Instead of grinding off books, why not read them?
The University of British Columbia is awfully excited about their half-million dollar skatepark.
They should be embarrassed. It’s hard enough to get people to take higher education seriously. Crowing about being the first campus in North America with an “angled slappy bank” doesn’t help.
For one thing, there are few activities that invoke juvenile sensibilities as skateboarding. It is, quite literally, child’s play, and, as such, right off the bat, it seems unsuited for a university campus. Is a bouncy castle next on the list?
But that in itself is hardly grounds for making too much of a fuss. Universities build needless, expensive, inappropriate things all the time. Business schools, for instance.
And, sure, universities play host to plenty of silly activities to let folks blow off steam. Still, the tab for those things doesn’t usually come in at a cool five hundred grand.
What tips the balance, though, are the books. For reasons that surpass logic, the UBC skatepark has a massive set of metal books built into it, so that students can jump on, crash into, and otherwise assault them. The press release even shows one skater joyfully pouncing on the silver tomes.
Even stranger is the quotation carved into them. On the spines of the faux books are emblazoned the following words: One must work and dare if one really wants to live. – Vincent van Gogh
Could they not find anything smarter or more profound? If they were set on Van Gogh, why this bit? Why not this little gem that I found at the web site of the Van Gogh Gallery: “I am not an adventurer by choice but by fate.” Better, smarter, and it least it fits the context, to some extent.
What they have chosen, however, seems barely relevant, even unintentionally sarcastic. For when has skateboarding, by anyone’s definition, been considered work?
And what did Van Gogh mean by the remark? Taken on its own it sounds like a life-affirming call to arms for positivity, but in its original context, the passage is actually much more bitter. Van Gogh writes, in a letter to his brother Theo in 1885:
‘I hope that by and by my studies will give you some new courage. Neither you nor I are contemporaries of that race which Gigoux, in that book you sent me, rightly calls ‘Les vaillants’ [The courageous]. But it seems to me right after all to keep the enthusiasm of those days in the present time, for it is often true that fortune favours the bold, and whatever may be true about fortune or “la joie de vivre,” as it is called, one must work and dare if one really wants to live.’ [my emphasis]
Van Gogh’s point seems to be that life, more or less, sucks these days, but we have to hang in there. If it’s inspiring, it’s just barely. I suspect that the creators of the park weren’t actually going for that.
But the real problem is having the books there in the first place. Books, after all, have long been a symbol of learning and knowledge.

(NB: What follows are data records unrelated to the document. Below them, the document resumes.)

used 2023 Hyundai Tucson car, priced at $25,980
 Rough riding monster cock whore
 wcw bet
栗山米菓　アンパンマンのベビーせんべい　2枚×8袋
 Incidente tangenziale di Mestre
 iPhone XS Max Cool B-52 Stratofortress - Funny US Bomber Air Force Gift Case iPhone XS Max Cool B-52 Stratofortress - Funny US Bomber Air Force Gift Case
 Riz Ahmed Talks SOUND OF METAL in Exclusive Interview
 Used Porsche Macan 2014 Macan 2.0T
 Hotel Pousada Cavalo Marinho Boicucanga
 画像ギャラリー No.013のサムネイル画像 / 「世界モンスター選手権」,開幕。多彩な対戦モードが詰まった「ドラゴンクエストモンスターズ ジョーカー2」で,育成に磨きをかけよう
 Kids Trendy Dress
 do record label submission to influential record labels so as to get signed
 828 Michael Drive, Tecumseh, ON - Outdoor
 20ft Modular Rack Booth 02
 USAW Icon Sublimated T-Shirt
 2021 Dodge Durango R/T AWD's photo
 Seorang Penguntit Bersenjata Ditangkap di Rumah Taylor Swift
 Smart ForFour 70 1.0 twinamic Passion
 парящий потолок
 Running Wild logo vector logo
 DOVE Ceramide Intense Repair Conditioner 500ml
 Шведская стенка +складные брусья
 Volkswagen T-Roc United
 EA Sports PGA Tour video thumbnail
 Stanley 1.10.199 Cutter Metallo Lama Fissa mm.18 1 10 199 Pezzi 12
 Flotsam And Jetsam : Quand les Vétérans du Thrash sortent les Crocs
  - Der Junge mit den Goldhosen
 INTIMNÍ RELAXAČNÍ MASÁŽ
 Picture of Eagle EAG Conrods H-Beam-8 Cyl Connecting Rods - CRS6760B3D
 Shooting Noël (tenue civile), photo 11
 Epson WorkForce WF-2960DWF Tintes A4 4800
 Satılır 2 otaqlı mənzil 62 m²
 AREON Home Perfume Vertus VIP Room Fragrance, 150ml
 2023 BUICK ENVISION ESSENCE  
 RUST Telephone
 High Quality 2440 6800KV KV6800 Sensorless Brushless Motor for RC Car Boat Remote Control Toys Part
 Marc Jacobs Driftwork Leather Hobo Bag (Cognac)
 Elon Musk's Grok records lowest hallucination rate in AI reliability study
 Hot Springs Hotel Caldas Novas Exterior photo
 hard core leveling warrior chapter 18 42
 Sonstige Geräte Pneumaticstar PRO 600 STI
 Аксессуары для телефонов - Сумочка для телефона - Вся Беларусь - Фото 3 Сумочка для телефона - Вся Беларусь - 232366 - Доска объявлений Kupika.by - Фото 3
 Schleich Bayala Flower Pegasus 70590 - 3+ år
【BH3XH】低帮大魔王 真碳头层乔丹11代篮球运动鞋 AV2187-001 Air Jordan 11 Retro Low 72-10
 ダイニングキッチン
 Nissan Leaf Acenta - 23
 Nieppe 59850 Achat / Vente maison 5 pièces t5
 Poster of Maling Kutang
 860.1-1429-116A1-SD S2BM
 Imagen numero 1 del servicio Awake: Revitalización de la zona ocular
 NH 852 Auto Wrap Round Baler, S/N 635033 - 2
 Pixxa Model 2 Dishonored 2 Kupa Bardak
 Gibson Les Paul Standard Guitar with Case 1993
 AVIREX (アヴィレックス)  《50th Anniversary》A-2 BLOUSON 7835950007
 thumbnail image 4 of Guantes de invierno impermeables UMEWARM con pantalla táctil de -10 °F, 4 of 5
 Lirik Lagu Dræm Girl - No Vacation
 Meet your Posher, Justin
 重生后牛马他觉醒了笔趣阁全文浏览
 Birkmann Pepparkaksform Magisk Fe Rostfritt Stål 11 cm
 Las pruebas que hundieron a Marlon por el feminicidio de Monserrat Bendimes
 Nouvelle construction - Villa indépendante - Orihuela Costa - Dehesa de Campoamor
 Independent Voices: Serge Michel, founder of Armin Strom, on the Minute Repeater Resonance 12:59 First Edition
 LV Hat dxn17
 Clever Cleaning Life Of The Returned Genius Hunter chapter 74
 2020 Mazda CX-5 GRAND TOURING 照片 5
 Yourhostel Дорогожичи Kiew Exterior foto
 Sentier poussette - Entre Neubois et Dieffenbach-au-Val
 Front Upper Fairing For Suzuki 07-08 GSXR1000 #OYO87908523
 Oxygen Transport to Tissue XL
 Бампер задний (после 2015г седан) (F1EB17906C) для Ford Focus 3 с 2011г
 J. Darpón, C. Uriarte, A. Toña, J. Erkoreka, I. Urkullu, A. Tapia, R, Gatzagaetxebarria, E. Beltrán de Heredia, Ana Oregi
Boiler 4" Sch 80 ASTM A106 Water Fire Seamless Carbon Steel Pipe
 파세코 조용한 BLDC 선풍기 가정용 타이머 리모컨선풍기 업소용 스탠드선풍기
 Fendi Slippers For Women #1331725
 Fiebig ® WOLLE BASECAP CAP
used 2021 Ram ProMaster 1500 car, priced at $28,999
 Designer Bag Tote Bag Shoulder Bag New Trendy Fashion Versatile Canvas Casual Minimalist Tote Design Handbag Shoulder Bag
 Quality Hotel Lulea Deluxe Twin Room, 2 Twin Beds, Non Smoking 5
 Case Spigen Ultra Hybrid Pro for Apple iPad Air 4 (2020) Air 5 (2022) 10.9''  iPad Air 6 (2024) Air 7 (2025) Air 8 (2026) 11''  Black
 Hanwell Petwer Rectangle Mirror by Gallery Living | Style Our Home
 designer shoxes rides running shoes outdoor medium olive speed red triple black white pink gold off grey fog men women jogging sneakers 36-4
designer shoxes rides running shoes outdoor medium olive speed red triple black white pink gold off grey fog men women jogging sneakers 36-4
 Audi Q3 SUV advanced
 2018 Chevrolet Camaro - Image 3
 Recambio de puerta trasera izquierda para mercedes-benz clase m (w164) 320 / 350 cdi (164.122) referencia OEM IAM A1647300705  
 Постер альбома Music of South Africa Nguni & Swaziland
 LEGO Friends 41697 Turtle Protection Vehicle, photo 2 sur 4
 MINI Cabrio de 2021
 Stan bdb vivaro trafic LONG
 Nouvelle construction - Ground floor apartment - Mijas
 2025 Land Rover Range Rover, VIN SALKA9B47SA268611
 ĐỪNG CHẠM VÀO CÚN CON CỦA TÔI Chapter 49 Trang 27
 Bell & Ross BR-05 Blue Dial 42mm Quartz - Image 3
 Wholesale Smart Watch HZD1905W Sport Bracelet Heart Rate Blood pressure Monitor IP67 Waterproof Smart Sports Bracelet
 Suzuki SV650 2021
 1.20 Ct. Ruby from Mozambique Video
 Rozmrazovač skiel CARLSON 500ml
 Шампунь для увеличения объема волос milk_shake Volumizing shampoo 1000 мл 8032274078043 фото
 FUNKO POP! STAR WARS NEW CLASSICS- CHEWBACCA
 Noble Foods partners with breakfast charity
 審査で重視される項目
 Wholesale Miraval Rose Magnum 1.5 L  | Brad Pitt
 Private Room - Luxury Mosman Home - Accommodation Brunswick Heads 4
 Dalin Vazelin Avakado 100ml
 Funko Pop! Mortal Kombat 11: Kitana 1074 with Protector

In fact, the official coat of arms of UBC includes a book inscribed with the university’s motto.
To reduce this symbol to a mere plaything, to create this book effigy for students—who, let’s face it, would likely be better served opening real books than ramming a wooden board into fake ones—is nothing less than an insult to those who prize learning. One hopes a few of those are still left at UBC.
Building the skatepark was silly. And though surely done here without deliberate malice, it’s still a careless act of disrespect.
Todd Pettigrew is an Associate Professor of English at Cape Breton University.